Which Words Does Google Instant Blacklist?


Some folks at the Hacker publication 2600 decided to compile a list of words that are restricted by Google Instant.

Except in extreme and special cases, Google is known for anything but censorship, but as we’ve said before, there are some terms the web giant’s new instant search feature won’t work with.

We understand Google’s intentions; the team over there is trying to make sure that no one sees pornographic or violent results they might fight disturbing unless they really mean to search for them. When asked about this feature a few weeks ago, Google’s Johanna Wright said the restrictions are in place to protect children.

But Google has opened itself up to a potential PR problem, because some of these omissions will be at best bewildering and at worst offensive to particularly sensitive (or progressive) users who don’t understand how Google Instant actually works.

For example, “bisexual” and “lesbian” are among the restricted words. Type them in to Google and the instant search will immediately stop delivering new results. You have to hit enter to confirm, yes, you really do want to know about something in some way related to bisexuals or lesbians.

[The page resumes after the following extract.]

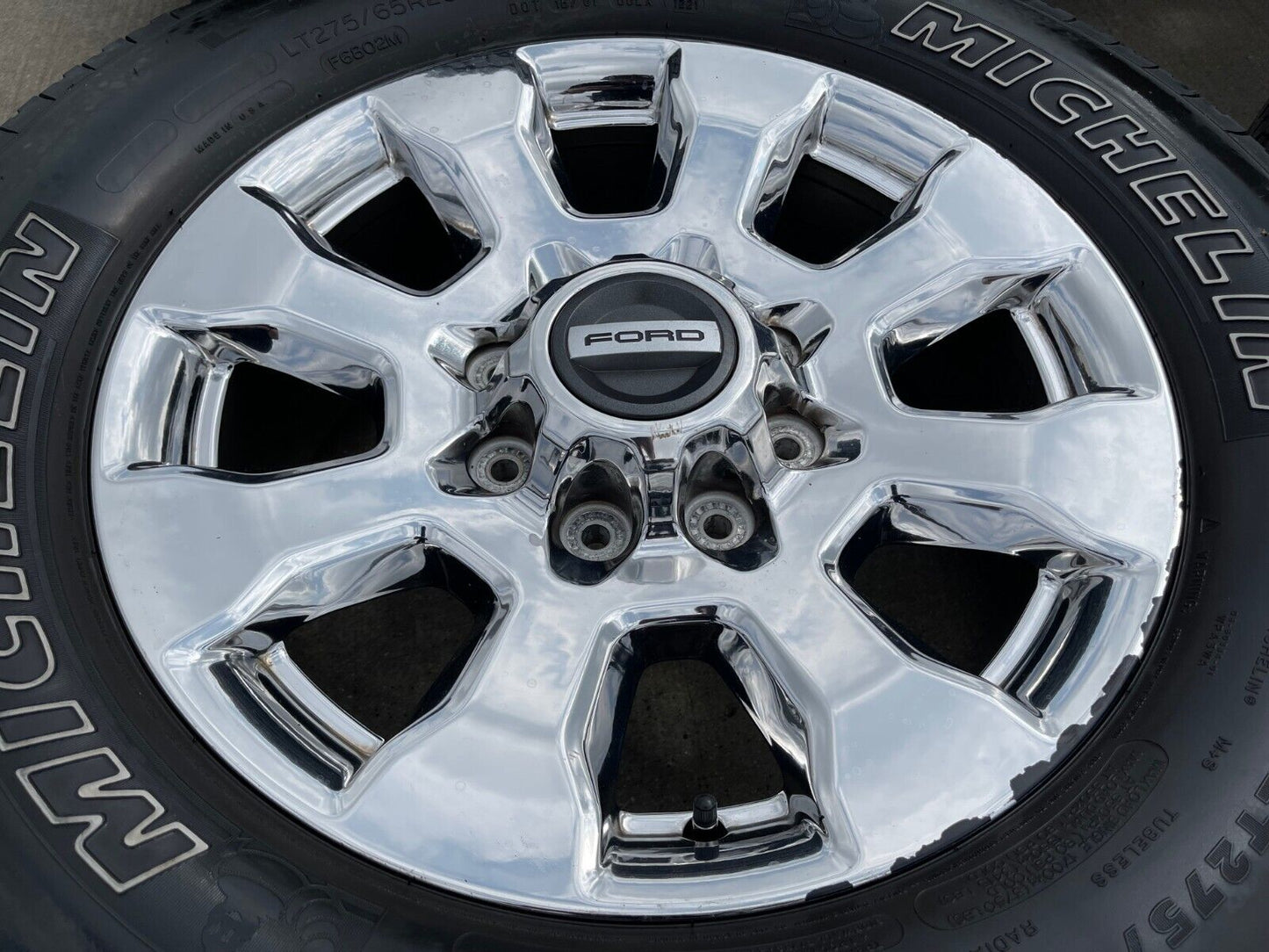 20" Ford F-250 chrome OEM 10100 rims wheels 2017 2018 2019 2020 2023 2024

Why Did Google Block These Words?


You can still search for these terms. The issue is that when you type them, Google Instant stops reporting results on the fly, and you must hit “enter” to see results.

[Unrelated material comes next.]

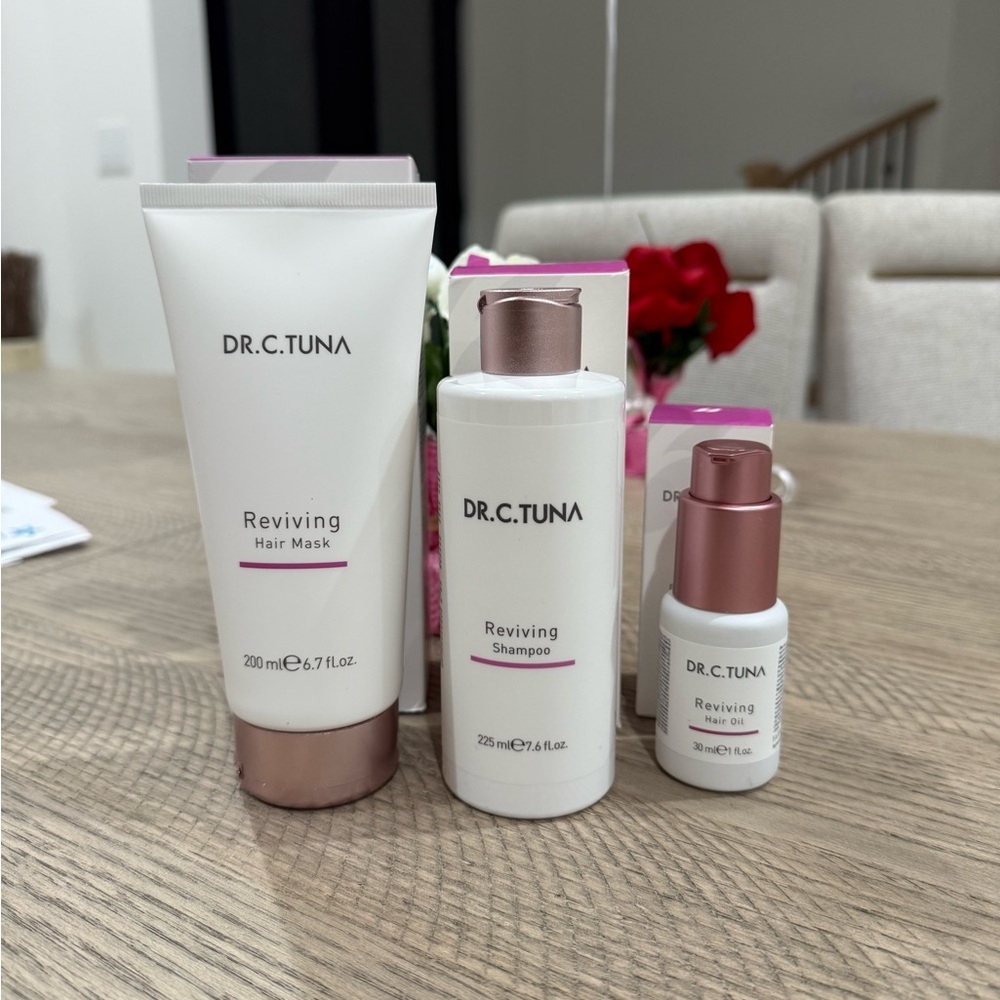 Farmasi Dr. C. Tuna Reviving Skincare Trio - White and Rose Gold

That happens because Google Instant doesn’t just use what you’ve typed to display results. It reads data collected over the years about previous users’ searches to predict what you’re going to type. It’s the same algorithm that handles auto-complete, or the Google Suggest pop-ups in the old, not-so-instant Google search. Google searches only display for the exact text that you’ve typed after you’ve hit enter.

When results fail to appear after you’ve typed “lesbian” or “butt,” it’s not because the results are being censored. Google is struggling to prevent the text of offensive searches users have made in the past (there have been other controversies on this subject before) from jumping up in front of you when you’re looking for something innocuous.

Since countless users may have followed the word lesbian with “porn,” generating results inappropriate for children, Google’s algorithm has decided not to immediately throw 20 links to lesbian porn sites in your face when you type “lesbian,” even if that’s the most common search based on the algorithmic data.

When we contacted Google for comment, we received this statement from a spokesperson:

“There are a number of reasons you may not be seeing search queries for a particular topic. Among other things, we apply a narrow set of removal policies for pornography, violence, and hate speech. It’s important to note that removing queries from Autocomplete is a hard problem, and not as simple as blacklisting particular terms and phrases.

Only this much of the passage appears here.